Node pool architecture

AKS node pools define the VM size, OS configuration, and autoscaling parameters for a group of nodes. The production pattern: a system node pool for Kubernetes system components (CoreDNS, metrics-server), separate user node pools for workloads, and potentially a spot instance node pool for batch workloads that can tolerate interruptions. Separating workload types into different node pools enables independent scaling and different VM SKUs optimised for each workload type.

Upgrade cadence

AKS supports the three most recent Kubernetes minor versions. When a new minor version is released, the oldest falls out of support. The practical implication: clusters must be upgraded at least once every 12 months to stay in support. Automatic cluster upgrade (Preview) automates this, but most production environments want manual control over upgrade timing. The upgrade strategy: upgrade the control plane first, then node pools. Test with non-production workloads before upgrading production.
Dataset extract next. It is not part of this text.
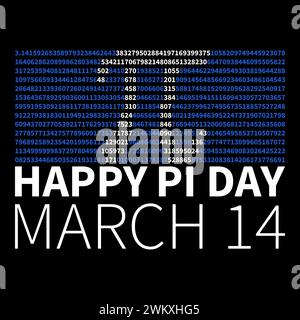 Happy PI Day - 3,14 Karte - Pi Zahlen Maths Konzept Moderne Vektor Illustration oder Banner Stock Vektor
Azure Monitor for containers

Container Insights in Azure Monitor collects CPU, memory, storage, and network metrics from AKS nodes and pods, aggregated by cluster, node, namespace, and container. The Prometheus metrics integration scrapes pod metrics exposed on /metrics endpoints. Container Insights alerts can notify when node CPU or memory exceeds thresholds that indicate the need to scale or right-size node pools. The integration with Log Analytics provides correlation between cluster metrics and application logs.

Cost management for AKS

AKS cost has three components: compute (node VM SKUs and count), storage (persistent volumes), and networking (load balancers, egress). Optimisation levers: right-sizing node pools (monitoring actual vs requested CPU and memory), cluster autoscaler for elastic compute (scale down during off-peak), spot instance node pools for fault-tolerant batch workloads (60-80% discount), and reserved instances for the baseline node count that runs 24/7.